Bir başka konu, yine önemli; bu ihracatı, ithalatı, dış ticareti çok konuştuk ama bir de iç ticaret var, küçük esnaf var, bunların sorunları var; özellikle perakende sektöründe ayakta kalmaya çalışan esnafın ticaret dünyası içindeki külfeti var. Hem vergi yükü açısından hem ticaret yapabilirlik açısından birçok meseleyle karşı karşıya... Buradaki sorun tekelleşme, bu tekelleşmenin önüne geçmek lazım. Bütün dünyada da yeni trendler, özellikle de son dönemde giderek yükseliyor, antitröst yasaları geçmişte vardı ama şimdi tekelle mücadele çok çok kritik. Bu tekelleşmeyi önleyemediğimiz sürece ekonomide hem adalet açısından hem de sağlıklı bir büyüme açısından bir karşılık yaratmamız mümkün değil. Bunu nereden anlıyoruz? Tekelleşme güçlendikçe aslında ekonomik performans, verimlilik düşüyor. Bu ölçülebilen bir şey, ölçülmüş. Siyasette de tekelleşme var, bu ikisini birbirine bağlıyor. Bu "tek adamlık" dediğimiz mesele bizi işte siyasetin tıkandığı yerlere sürükledi; bu çıkmaz sokaklarda dolaşıyoruz, bir türlü demokratikleşemiyoruz. Aynı şeyi bir karşılaştırma olarak ekonomi için de konuşabilirsiniz. Ekonomide de tekelleştiğiniz sürece ekonomi demokratikleşemez, demokratikleşemeyen bir ekonomide de verimliliği, etkinliği, adaleti sağlayamazsınız.

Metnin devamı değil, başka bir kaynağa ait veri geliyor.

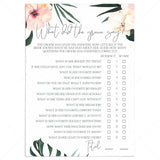 Funny Wedding Shower Game Template What Did The Groom Say by LittleSizzle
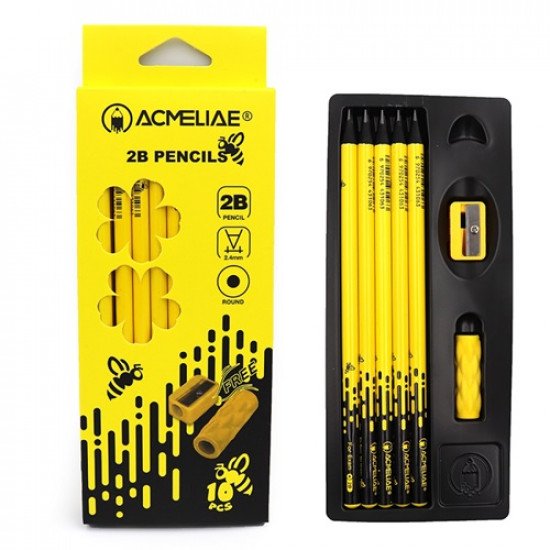 طقم مراسم رصاص 10حبات 2B مع براية وممحاة ACMELIAE 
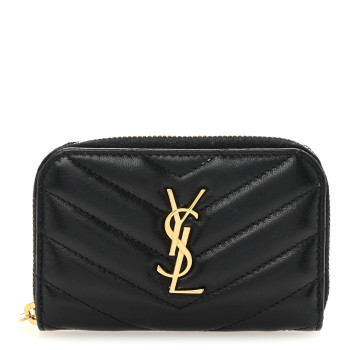 SAINT LAURENT Lambskin Matelasse Chevron Monogram Cassandre Compact Zip Around Card Wallet Black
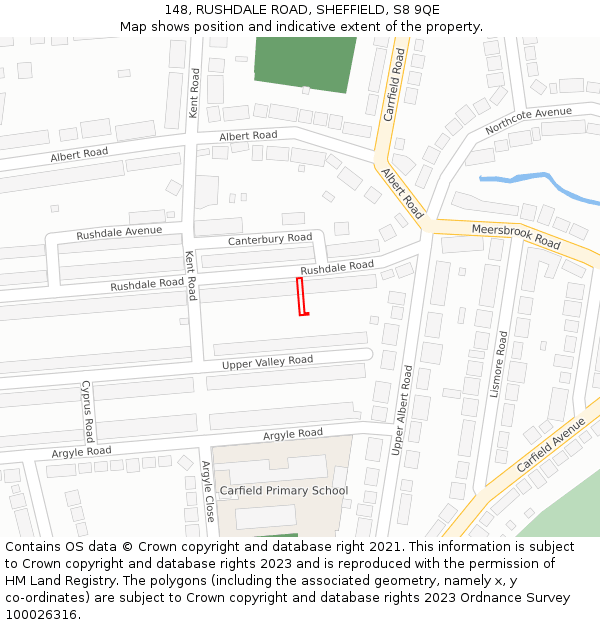 148, RUSHDALE ROAD, SHEFFIELD, S8 9QE: Location map and indicative extent of plot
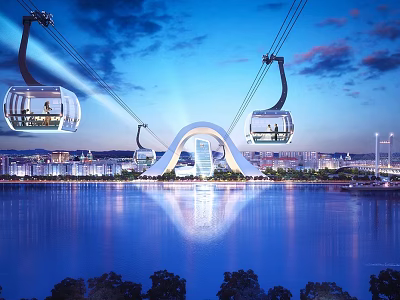 Scenic Cable Car Rides Over Water With Arched Structure And Cityscape At Dusk 3d model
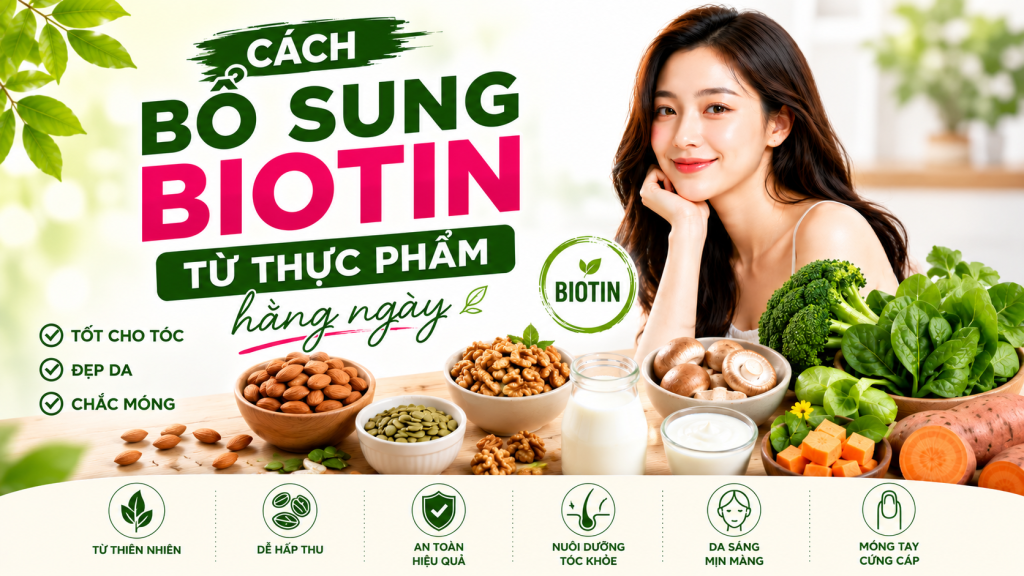 Cách bổ sung biotin từ những thực phẩm hằng ngày hiệu quả và an toàn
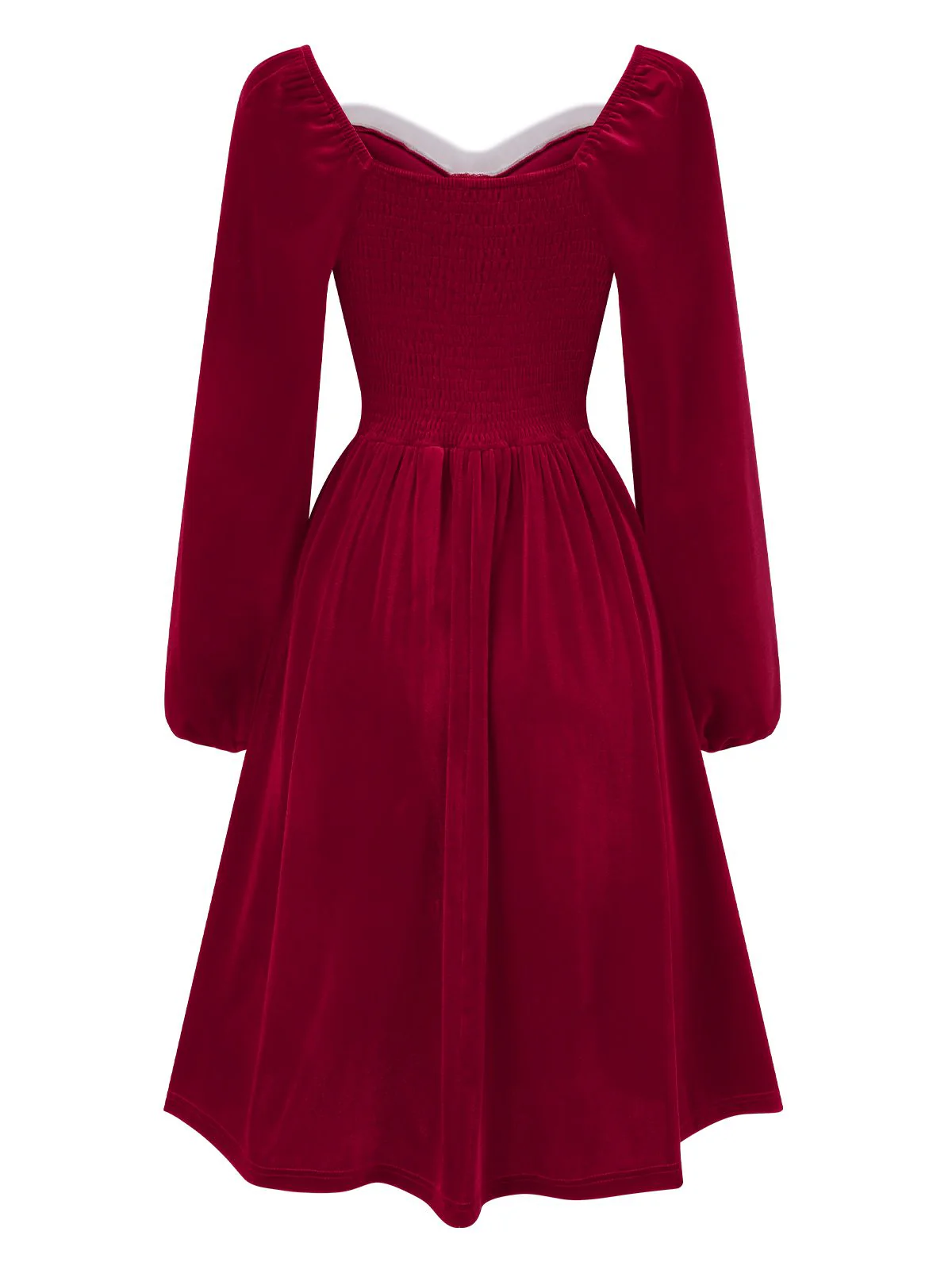 Weinrot 1940er Weihnachten Pelzkragen Solide Kleid - Image 3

Son bir şey, kooperatifler. Şimdi, çok yaygın bir söylem var: Sermayenin tabana yayılması. Şimdi, Hazine ve Maliye Bakanı da bunu dile getirdi, Sayın Cevdet Yılmaz da dile getirdi, kalkınma planında da var. "Sermayenin tabana yayılmasından ne anlaşılıyor?" diye baktığınızda halkın hisse senedi almasını anlıyorlar. Şimdi, halkın hisse senedi alması için halkın biraz varlığının olması lazım, gelirinin olması lazım; Türkiye'deki şirket yapılarının bu kadar aile şirketi olmaması lazım; sermayenin tabana yayılması için o ülkenin orta gelire sıkışmamış, yüksek gelirli ülkeler kategorisinde olması lazım; lazım, lazım, lazım. Bunu uzatabiliriz ama eğer demokratik bir ülkede sermayenin tabana yayılmasından sermayenin toplumsallaşmasını anlıyorsak buradaki kritik başlık kooperatiflerdir.

(Mikrofon otomatik cihaz tarafından kapatıldı)

SEZAİ TEMELLİ (Muş) - Bitiriyorum.

OTURUM BAŞKANI İSMAİL FARUK AKSU - Toparlayın, bir dakika ilave veriyorum.

SEZAİ TEMELLİ (Muş) - Kooperatiflerin mutlaka çok güçlü bir şekilde desteklenmesi, yaygınlaştırılması; üreticisiyle, tüketicisiyle belki de ekonomide belirleyici bir unsur hâline getirilmesi kaçınılmazdır. İhracata verdiğiniz önem kadar kooperatiflere önem vermenizi özellikle tavsiye ediyoruz. Bu konuda atacağınız adımların Türkiye demokrasisine de yerel demokrasiye de önemli katkılar getireceğine inanıyoruz.

Biz HEDEP olarak, güçlendirilmiş güçlü bir yerel demokrasiyle ancak Türkiye'nin demokratikleşeceğine, yerel demokrasilerin gücünü de yerel ekonomideki kooperatiflerden alacağına inanıyoruz, çalışmalarınızda kolaylıklar diliyoruz.